Борис Долгин: А можешь имена?
Александр Филиппов: Имена, да.
Борис Долгин: Ну, не Жижек же?
Александр Филиппов: Я не большой специалист по Жижеку и всегда вздрагиваю. Вот среди таких… первый раз имя Жижека я услышал в Англии в 1992-93 году, именно среди как бы социологов. Они уже не знали ничего про историю социологии, но они знали Жижека и Фуко. Но я имею в виду из левой философии, в первую очередь итальянцев. Негри, Вирно, то, что сейчас у всех политических философов на слуху, но что, на мой взгляд, повторяю, социологи пытаются иногда реализовать лишь ценой утраты собственно социологического содержания. Они могут рвануться в эту область. Но при том они начинают быть не очень интересными политическими философами, перестают быть социологами. Здесь очень многое предстоит еще сделать.
Борис Долгин: Еще?
Вопрос из зала: (От Юрия, который представился «человеком с улицы, который в Вышке не учился, не учусь и не будет, наверное – «Полит.ру» Хотел уточнить, какое отношение философия, социология современная имеет к реальной жизни? С примерами. Вот вы сейчас сказали про события в России два года назад, которые не смогла объяснить, предсказать социология. Я не понял, про какие события идет речь. Основные события сейчас идут, последний год. И еще будут разворачиваться дальше.

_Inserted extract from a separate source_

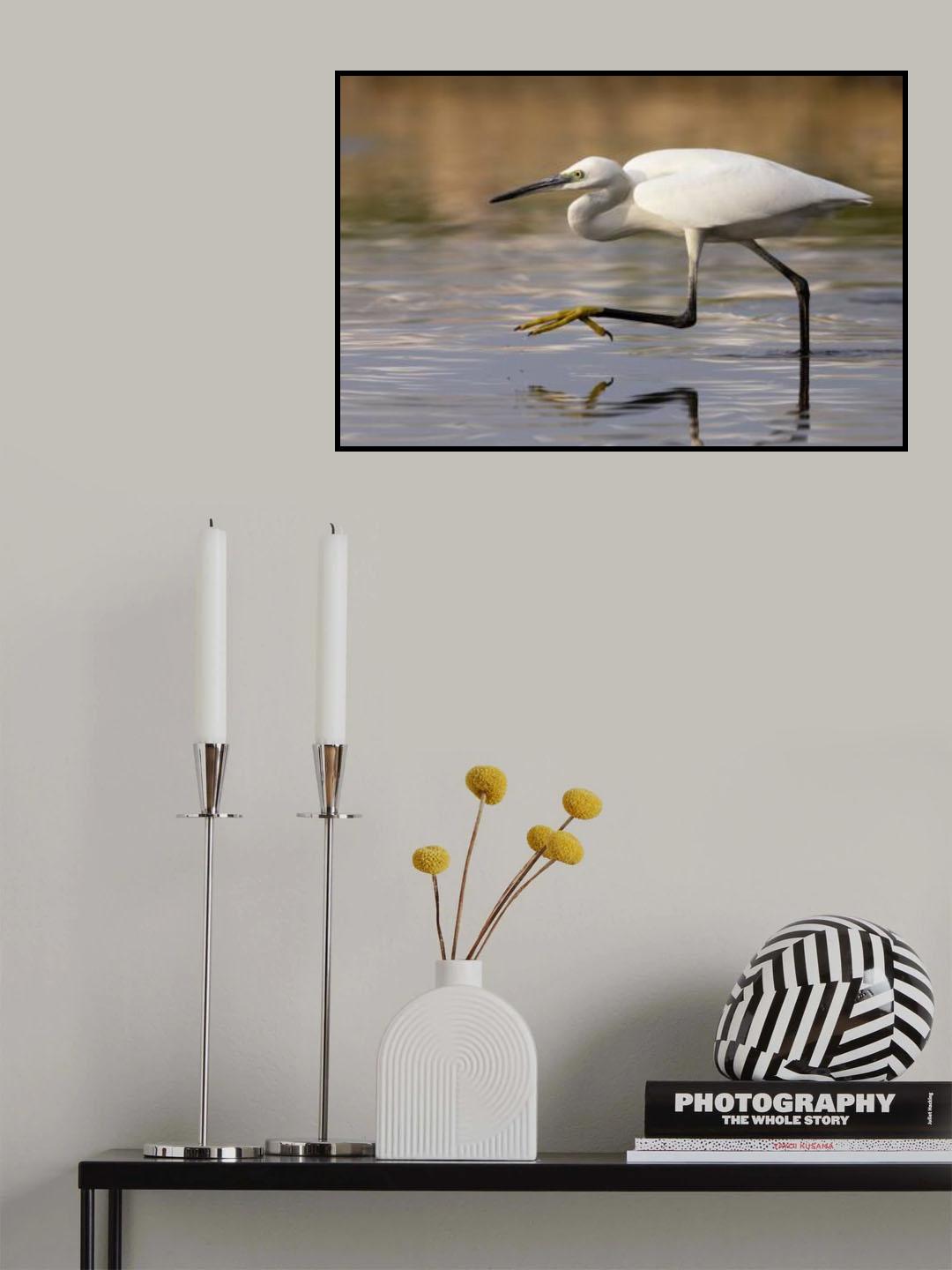Little Egret Poster och Canvastavla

Борис Долгин: Я прошу прощения, некий уточняющий вопрос. А что, по-вашему, вообще может для так называемой реально жизни делать философия?
Вопрос из зала: Вот лекция – это философия действия.

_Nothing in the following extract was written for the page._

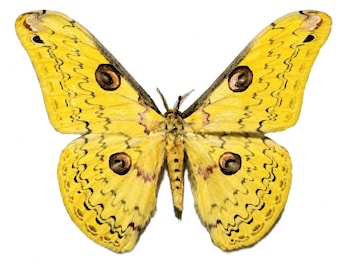 Leopa katinka Moth Specimen | Papered Moth | Ethically Sourced from Vietnam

Борис Долгин: Да, но не философия реальной жизни.
Вопрос из зала: Я сам не большой философ, подождите, я не вас спрашиваю. Я из философов знаю философию действия Ницше, например, Маркса, Ленина. Философия действия, они конкретно говорят, что делать. Они массы организовывают. А здесь аудитория слишком узка для философии действия, как мне кажется.
Александр Филиппов: Ницше, безусловно, вы правы, он философ родственный Марксу и Ленину, но, в отличие от них, он массы не организовывал, скорее наоборот, испытывал перед ними ужас. Я понимаю, что вы имеете в виду. В свое время, когда Маяковский набрасывался на искусство своего времени, требовал нового искусства, он говорил, что улица корчится безъязыкая, ей нечем кричать, разговаривать. Философия в этом смысле создает язык эпохи, язык описания, язык, на котором можно говорить. И философия действия в этом смысле опять же, вы правы, должна говорить о том, как возможно ответственное действие, о том, как возможно ответственное политическое действие в том числе. Здесь есть вопросы, которые, к сожалению, ни в рамках всей лекции, ни в рамках короткого ответа на ваш вопрос осветить невозможно. Но если говорить попросту, то философия действия должна не призывать кого-то куда-то, это все-таки философия. Философия, если угодно, это тончайший духовный сок человечества. Это не способ организовать массы, это способ создать тот язык, на котором будут говорить те, кто будут либо организовывать массы, либо наоборот стрелять по ним из пулеметов. Учтите, что философии абсолютно все равно. Она стремится к истине, а не к тому, чтобы вам было хорошо. Философу все равно, хорошо вам или нет. Если он философ, то его интересует в первую очередь истина. А истина может оказаться такой, что узнав ее, вы умрете. В том числе и в области философии действия. Но точно так же философ не может заранее знать, как будут использованы результаты его трудов. Единственное, что можно сказать совершенно точно: язык он создавать обязан. Язык для социологии он тоже создавать обязан. Для социологии, которая описывает происходящее адекватным образом, а не прячется за старые привычные образы, никому ничего не говорящие.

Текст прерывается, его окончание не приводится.